Output only the lines below that start at the line containing "Cómo freír papas" and end at the line containing "Hermès Hermès Carré", with both ends kept.
Segment Start: GIVEN RECORDS
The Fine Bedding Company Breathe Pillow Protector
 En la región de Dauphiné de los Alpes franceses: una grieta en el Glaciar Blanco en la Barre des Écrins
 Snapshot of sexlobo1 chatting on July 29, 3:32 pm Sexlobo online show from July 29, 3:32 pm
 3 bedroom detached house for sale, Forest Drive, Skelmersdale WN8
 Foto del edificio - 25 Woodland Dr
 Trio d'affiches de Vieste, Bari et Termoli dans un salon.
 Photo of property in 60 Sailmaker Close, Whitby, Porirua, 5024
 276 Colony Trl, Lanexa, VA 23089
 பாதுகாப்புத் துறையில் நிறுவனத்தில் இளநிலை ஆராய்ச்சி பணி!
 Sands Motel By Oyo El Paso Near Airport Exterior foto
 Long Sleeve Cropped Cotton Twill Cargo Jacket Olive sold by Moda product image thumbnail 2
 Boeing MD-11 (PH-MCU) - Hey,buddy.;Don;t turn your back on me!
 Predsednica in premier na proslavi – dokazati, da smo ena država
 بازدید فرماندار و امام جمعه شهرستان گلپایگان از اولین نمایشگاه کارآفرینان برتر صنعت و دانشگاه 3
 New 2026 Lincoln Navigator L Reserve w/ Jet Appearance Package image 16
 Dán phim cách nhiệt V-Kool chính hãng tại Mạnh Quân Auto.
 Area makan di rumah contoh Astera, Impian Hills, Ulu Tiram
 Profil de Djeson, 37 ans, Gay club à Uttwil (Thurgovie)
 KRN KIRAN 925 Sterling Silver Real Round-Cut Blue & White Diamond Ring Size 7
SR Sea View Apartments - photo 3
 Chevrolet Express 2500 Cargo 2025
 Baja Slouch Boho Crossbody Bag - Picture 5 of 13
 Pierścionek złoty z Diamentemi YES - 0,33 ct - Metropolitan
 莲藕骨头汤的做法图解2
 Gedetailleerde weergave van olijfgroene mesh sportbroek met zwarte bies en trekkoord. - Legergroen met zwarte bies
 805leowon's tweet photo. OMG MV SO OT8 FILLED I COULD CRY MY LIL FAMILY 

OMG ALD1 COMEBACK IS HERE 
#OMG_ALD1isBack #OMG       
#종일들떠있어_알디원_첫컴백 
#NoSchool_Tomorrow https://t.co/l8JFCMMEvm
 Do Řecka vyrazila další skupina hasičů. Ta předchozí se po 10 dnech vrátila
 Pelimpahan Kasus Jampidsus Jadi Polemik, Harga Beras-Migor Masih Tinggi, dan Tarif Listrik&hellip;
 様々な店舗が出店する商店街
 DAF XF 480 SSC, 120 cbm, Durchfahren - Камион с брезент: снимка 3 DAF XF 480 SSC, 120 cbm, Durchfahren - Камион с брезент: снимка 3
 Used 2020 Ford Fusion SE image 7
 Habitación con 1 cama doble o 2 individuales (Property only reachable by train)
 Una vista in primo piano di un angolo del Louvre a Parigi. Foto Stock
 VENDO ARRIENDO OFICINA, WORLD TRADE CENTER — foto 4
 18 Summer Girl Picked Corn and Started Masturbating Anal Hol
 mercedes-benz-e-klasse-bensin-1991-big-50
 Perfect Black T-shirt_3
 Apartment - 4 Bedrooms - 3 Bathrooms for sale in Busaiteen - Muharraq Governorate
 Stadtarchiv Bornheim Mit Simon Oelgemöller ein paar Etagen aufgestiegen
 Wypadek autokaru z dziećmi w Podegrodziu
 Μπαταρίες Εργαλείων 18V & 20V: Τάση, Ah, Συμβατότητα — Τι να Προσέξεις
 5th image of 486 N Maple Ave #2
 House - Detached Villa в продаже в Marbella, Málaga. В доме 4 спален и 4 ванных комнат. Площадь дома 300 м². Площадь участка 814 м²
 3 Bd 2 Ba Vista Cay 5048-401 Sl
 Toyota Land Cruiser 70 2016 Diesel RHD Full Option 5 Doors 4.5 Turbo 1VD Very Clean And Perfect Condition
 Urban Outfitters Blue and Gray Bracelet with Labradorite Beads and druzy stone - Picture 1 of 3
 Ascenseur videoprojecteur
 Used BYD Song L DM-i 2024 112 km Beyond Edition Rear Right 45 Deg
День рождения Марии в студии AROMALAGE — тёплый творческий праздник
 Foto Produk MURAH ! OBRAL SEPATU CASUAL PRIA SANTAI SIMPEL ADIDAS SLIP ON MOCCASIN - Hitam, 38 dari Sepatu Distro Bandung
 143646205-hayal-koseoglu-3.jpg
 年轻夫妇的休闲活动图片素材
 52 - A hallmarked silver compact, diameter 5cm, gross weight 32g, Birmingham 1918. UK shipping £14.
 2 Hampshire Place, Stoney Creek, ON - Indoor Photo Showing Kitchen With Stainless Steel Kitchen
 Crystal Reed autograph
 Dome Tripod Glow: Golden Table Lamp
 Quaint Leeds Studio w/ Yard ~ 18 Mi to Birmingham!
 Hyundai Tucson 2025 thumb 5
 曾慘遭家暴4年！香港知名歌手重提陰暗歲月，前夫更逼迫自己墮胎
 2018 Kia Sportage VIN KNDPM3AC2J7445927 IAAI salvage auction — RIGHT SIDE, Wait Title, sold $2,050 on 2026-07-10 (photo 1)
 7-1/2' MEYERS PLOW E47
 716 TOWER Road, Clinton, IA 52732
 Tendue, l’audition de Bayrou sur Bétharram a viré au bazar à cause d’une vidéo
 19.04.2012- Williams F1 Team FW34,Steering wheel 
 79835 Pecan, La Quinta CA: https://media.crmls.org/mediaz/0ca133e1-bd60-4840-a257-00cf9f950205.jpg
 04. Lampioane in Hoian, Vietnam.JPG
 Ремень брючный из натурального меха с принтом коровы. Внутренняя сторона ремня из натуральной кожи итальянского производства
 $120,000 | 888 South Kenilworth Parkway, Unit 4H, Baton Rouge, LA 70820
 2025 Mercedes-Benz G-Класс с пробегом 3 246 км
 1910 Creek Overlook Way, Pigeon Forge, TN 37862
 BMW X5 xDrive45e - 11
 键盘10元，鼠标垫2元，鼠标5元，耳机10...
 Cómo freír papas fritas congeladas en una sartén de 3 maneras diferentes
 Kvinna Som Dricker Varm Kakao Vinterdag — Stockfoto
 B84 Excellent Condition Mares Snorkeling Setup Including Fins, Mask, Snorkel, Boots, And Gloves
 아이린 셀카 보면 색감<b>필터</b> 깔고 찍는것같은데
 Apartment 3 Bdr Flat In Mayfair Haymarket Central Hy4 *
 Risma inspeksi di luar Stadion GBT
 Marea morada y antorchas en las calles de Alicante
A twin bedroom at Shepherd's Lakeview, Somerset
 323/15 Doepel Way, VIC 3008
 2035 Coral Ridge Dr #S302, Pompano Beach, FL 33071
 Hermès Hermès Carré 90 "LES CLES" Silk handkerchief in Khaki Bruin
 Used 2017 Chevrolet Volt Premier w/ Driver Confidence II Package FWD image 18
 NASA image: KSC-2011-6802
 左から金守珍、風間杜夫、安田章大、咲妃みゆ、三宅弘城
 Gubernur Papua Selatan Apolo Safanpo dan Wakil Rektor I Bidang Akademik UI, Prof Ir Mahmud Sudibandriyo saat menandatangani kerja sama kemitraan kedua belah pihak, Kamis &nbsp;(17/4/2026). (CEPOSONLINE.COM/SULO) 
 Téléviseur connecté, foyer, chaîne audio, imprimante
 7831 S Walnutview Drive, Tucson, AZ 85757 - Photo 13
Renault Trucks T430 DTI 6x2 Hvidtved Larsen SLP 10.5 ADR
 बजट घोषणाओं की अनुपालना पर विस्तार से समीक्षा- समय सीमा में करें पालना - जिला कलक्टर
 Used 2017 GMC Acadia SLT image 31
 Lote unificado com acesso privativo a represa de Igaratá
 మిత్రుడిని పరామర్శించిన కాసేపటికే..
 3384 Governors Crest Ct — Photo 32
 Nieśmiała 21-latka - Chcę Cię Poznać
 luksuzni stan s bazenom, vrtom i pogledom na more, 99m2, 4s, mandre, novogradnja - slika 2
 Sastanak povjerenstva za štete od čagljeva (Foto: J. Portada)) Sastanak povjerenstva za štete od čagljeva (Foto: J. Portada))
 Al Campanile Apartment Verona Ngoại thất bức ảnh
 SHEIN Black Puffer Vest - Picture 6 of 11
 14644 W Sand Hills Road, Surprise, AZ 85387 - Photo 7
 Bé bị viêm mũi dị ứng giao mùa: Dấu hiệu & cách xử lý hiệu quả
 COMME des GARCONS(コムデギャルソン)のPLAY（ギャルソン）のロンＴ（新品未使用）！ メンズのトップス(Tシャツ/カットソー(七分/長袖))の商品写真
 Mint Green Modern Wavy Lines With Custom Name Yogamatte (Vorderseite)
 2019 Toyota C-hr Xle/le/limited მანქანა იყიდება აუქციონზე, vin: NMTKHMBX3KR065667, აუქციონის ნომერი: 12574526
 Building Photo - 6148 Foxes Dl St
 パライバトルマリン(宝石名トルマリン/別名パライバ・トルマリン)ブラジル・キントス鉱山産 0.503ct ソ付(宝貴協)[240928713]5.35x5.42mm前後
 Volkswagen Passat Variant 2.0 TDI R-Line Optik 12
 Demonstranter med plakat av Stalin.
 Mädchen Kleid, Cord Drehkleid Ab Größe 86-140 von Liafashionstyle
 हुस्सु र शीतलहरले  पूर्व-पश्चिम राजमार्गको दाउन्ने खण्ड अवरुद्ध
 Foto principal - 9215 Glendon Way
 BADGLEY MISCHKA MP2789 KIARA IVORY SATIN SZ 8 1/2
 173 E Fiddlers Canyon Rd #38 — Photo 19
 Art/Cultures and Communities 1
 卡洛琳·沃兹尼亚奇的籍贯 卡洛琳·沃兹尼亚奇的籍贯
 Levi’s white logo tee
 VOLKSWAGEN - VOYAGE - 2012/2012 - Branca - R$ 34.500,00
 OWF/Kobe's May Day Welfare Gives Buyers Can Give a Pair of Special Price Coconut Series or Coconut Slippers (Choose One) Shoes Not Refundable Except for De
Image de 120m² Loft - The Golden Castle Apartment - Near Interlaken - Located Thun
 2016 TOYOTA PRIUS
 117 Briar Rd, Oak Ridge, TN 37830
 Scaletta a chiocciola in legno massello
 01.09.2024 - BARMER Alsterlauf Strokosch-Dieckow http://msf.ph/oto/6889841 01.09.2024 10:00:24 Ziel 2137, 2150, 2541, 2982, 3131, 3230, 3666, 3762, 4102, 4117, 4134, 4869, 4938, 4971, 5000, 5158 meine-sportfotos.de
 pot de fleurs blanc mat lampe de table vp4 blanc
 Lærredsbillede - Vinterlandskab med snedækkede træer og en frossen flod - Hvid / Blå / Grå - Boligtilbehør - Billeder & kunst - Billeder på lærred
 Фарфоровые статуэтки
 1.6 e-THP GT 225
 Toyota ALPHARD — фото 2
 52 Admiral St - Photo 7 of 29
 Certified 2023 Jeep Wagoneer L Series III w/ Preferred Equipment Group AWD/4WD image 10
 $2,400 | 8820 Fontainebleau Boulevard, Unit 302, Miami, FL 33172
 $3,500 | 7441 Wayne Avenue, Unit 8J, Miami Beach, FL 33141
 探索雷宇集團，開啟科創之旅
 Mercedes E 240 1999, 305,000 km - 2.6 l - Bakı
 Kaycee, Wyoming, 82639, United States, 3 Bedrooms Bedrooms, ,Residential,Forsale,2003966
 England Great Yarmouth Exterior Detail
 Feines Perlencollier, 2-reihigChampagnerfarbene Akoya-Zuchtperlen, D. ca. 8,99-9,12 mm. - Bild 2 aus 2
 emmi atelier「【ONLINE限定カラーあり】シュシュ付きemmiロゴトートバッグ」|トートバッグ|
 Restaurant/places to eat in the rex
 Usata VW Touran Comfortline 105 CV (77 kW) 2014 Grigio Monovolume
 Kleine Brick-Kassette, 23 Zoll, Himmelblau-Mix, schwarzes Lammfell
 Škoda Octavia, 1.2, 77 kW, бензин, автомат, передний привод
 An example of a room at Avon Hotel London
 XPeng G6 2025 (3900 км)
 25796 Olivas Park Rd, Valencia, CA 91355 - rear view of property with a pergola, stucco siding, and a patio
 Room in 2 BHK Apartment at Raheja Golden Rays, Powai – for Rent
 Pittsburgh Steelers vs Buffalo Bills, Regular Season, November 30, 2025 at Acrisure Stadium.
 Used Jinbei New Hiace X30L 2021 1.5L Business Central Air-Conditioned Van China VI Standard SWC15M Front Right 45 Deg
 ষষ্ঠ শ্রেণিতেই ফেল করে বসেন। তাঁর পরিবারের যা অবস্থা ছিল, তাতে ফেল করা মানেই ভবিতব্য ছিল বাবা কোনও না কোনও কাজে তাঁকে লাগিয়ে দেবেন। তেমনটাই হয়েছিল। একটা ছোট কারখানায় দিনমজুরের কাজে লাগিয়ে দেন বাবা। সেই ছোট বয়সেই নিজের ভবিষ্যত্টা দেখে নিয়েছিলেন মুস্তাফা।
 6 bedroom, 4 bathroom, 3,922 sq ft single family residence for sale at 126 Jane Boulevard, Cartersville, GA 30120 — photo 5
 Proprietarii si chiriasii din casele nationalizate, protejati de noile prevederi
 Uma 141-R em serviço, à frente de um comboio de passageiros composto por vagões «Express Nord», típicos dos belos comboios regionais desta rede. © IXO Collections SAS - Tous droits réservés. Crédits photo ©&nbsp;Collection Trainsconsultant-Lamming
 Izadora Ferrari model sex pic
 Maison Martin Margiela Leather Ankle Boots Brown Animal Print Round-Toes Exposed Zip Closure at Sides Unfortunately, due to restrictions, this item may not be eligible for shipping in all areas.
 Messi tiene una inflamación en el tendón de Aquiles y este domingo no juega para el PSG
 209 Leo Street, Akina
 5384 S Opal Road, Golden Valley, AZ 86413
Segment End: GIVEN RECORDS
▶ ANSWER TO THIS TASK:
 Cómo freír papas fritas congeladas en una sartén de 3 maneras diferentes
 Kvinna Som Dricker Varm Kakao Vinterdag — Stockfoto
 B84 Excellent Condition Mares Snorkeling Setup Including Fins, Mask, Snorkel, Boots, And Gloves
 아이린 셀카 보면 색감<b>필터</b> 깔고 찍는것같은데
 Apartment 3 Bdr Flat In Mayfair Haymarket Central Hy4 *
 Risma inspeksi di luar Stadion GBT
 Marea morada y antorchas en las calles de Alicante
A twin bedroom at Shepherd's Lakeview, Somerset
 323/15 Doepel Way, VIC 3008
 2035 Coral Ridge Dr #S302, Pompano Beach, FL 33071
 Hermès Hermès Carré 90 "LES CLES" Silk handkerchief in Khaki Bruin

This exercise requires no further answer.